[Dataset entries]
————————

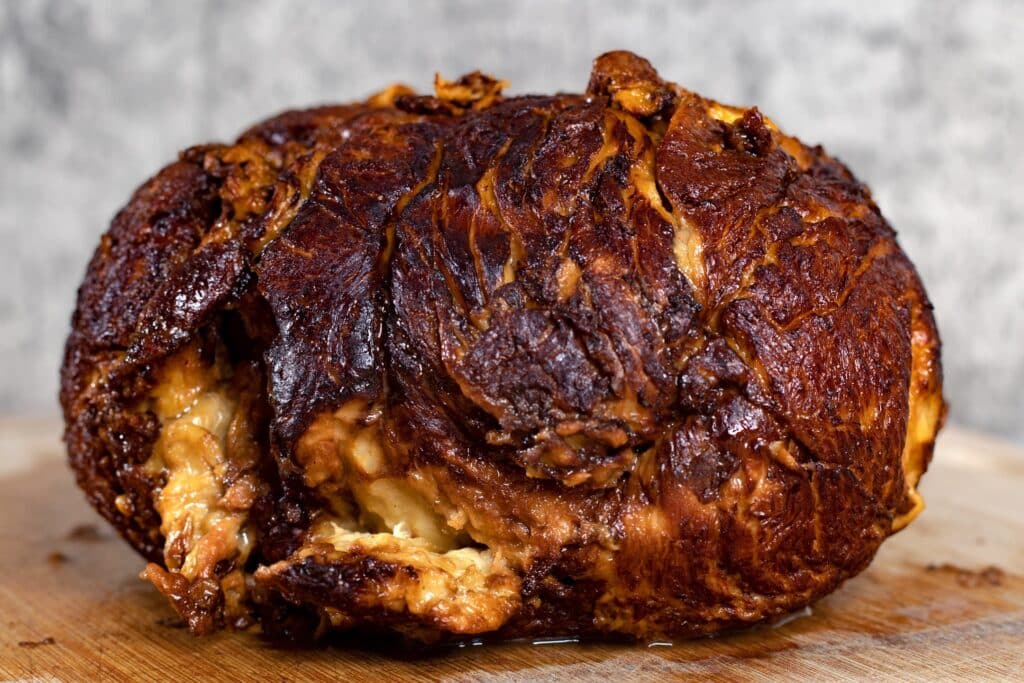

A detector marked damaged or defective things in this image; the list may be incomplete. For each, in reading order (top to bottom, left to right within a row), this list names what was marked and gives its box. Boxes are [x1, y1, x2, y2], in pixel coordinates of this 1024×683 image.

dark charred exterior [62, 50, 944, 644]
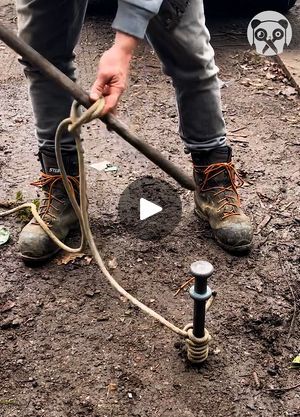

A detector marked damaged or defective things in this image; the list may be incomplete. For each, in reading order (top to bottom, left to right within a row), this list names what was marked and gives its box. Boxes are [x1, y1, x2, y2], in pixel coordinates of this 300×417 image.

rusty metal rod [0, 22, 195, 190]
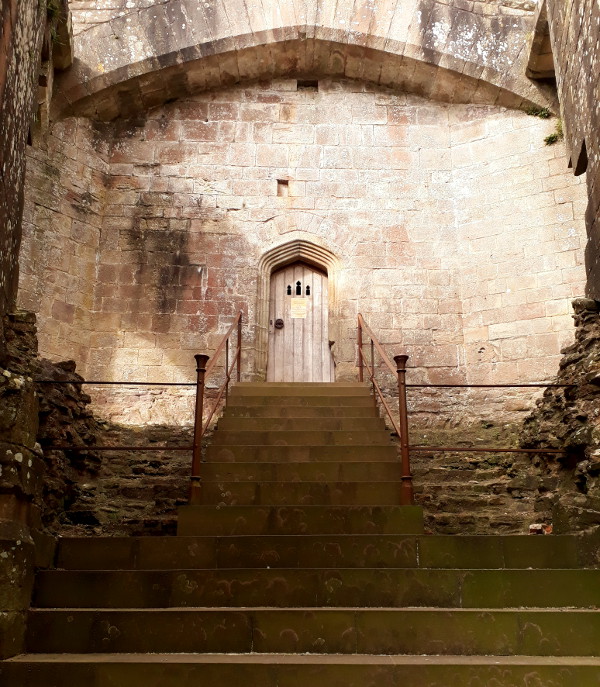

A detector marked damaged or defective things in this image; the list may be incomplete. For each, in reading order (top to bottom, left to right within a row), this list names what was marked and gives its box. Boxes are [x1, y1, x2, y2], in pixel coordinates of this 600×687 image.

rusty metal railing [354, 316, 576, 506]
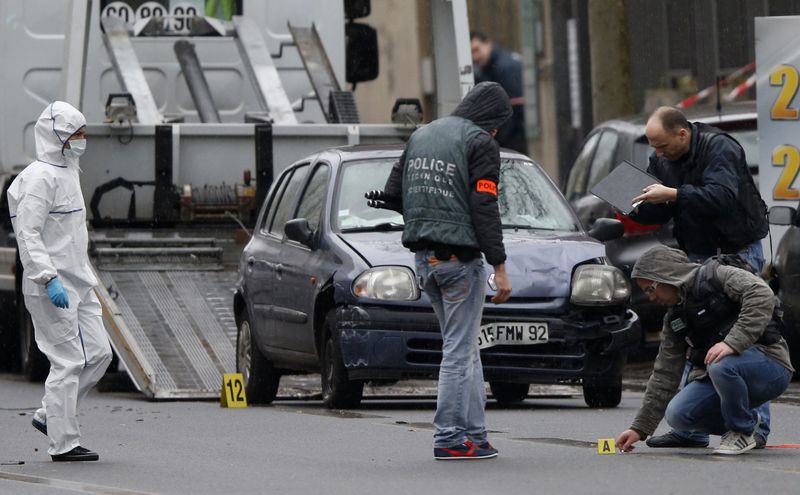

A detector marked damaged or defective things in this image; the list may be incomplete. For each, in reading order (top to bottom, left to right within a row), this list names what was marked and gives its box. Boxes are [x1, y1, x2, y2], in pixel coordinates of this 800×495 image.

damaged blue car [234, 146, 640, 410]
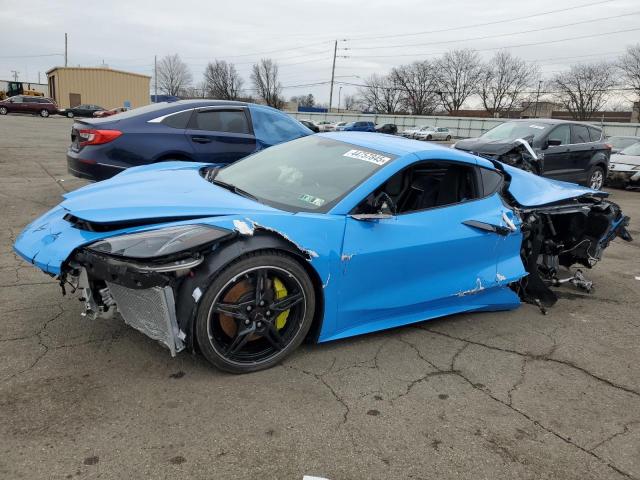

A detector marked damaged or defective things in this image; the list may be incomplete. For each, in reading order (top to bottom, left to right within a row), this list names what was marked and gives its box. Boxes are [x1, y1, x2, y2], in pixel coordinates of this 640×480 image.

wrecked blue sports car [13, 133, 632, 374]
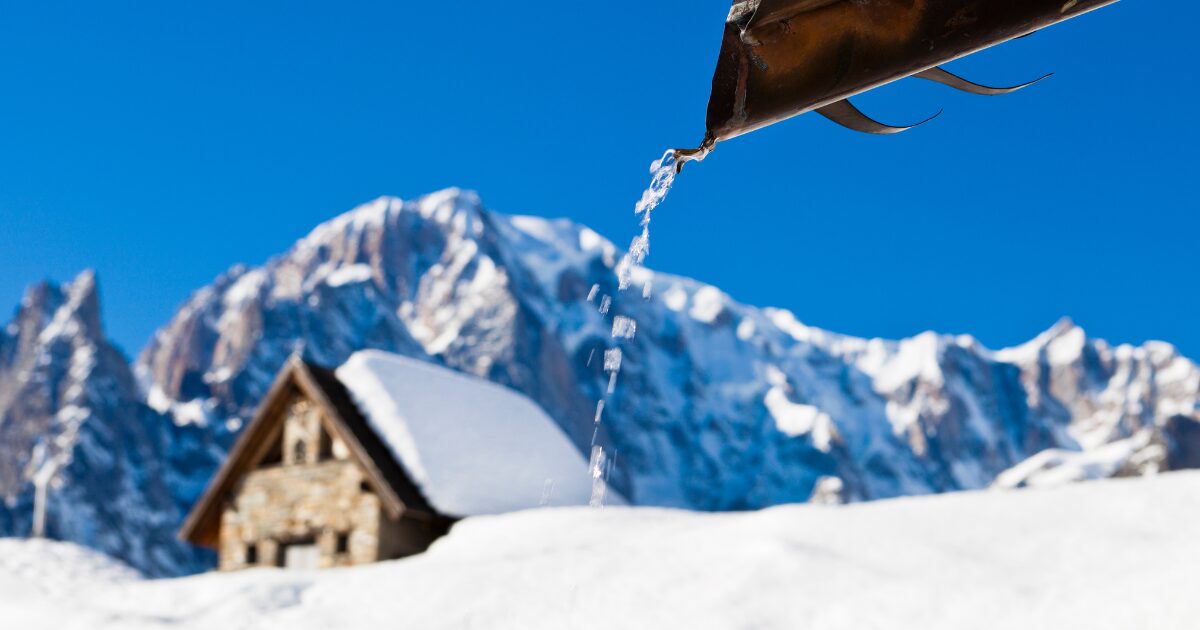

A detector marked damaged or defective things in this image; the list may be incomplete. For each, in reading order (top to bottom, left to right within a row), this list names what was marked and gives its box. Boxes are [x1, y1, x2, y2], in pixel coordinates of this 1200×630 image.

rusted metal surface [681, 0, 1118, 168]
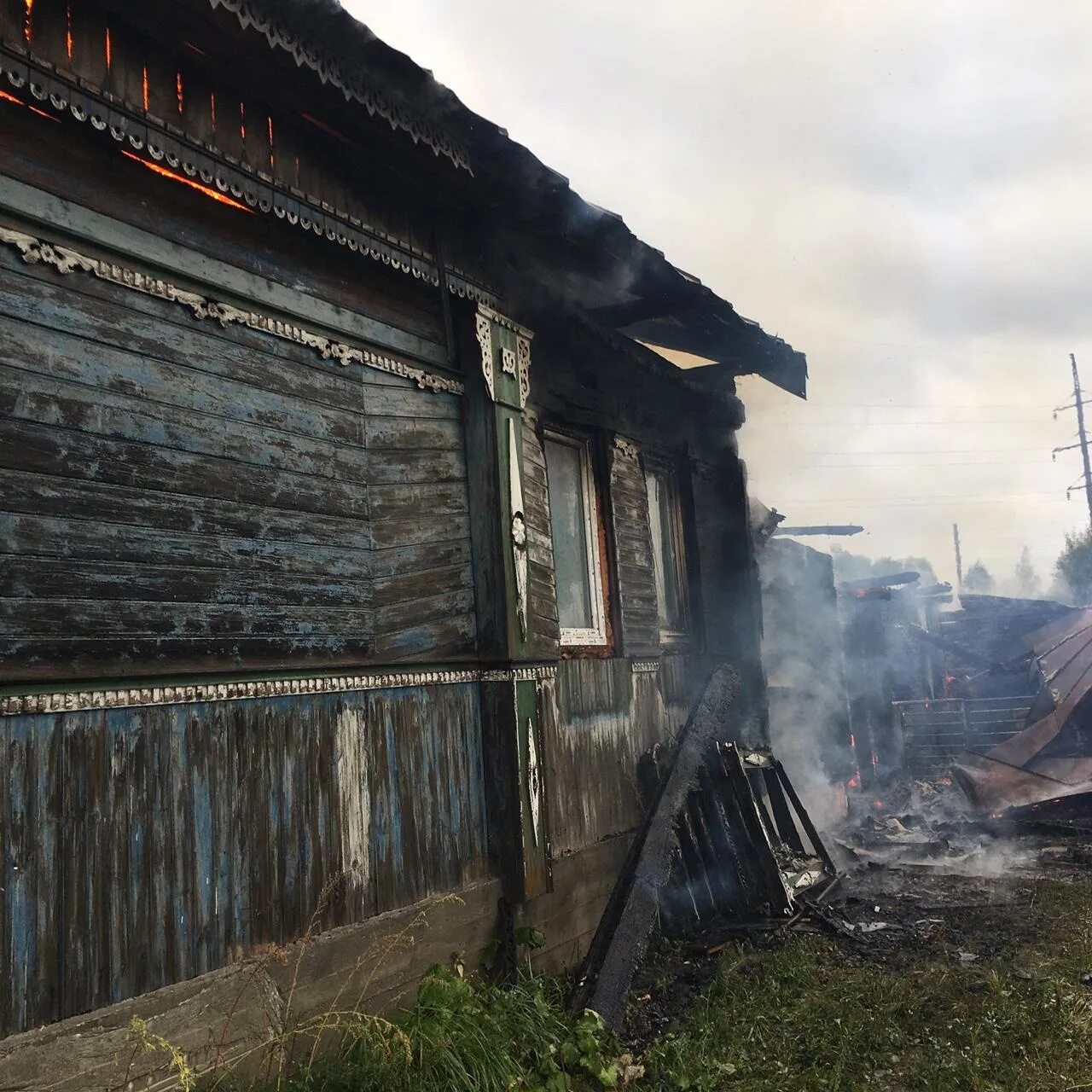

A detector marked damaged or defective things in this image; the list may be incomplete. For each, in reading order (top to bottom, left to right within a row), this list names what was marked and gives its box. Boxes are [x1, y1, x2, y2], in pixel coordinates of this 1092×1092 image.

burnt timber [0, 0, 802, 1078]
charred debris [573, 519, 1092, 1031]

————————

Retype the lines exactly as they appear, beginning with the line that contains "this 300×417 image." and ending with the final line of the entries, and omit the pictures.

A detector marked damaged or defective things in this image; the list may be incomplete. For each, in reading order (top to bottom, left to right within a row), this list names what was marked and gives its box. Boxes are [x1, y1, x2, y2], in pixel coordinates of this 300×417 image.

rusty metal rod [0, 22, 195, 190]

A detector marked damaged or defective things in this image; the list may be incomplete. For each, in reading order (top to bottom, left to right within a row), this list names what was marked and gives its box. Boxes are [x1, y1, x2, y2], in pixel coordinates of this 600×687 image.

rusty metal railing [354, 316, 576, 506]

A detector marked damaged or defective things in this image; the list may be incomplete. For each, in reading order (top to bottom, left to right within a row), this list names what was marked and gives its box. Boxes are [x1, y1, x2, y2], in pixel coordinates of this 800×495 image.

damaged blue car [234, 146, 640, 410]

A detector marked damaged or defective things in this image; the list may be incomplete. For each, in reading order (top to bottom, left to right within a row), this list names what was marked and gives its box. Boxes are [x1, y1, x2, y2], in pixel coordinates of this 640×480 image.

wrecked blue sports car [13, 133, 632, 374]

A detector marked damaged or defective things in this image; the list may be incomplete. For each, in reading order (top to bottom, left to right within a row), this list names what was marked and gives its box. Boxes are [x1, y1, x2, y2], in pixel coordinates of this 1200×630 image.

rusted metal surface [681, 0, 1118, 168]

A detector marked damaged or defective things in this image; the list may be incomplete. For each, in reading order (top to bottom, left to right within a row), this list names what was marked and gives its box. Boxes are [x1, y1, x2, y2], in pixel coordinates of this 1092×1092 image.

burnt timber [0, 0, 802, 1078]
charred debris [573, 519, 1092, 1031]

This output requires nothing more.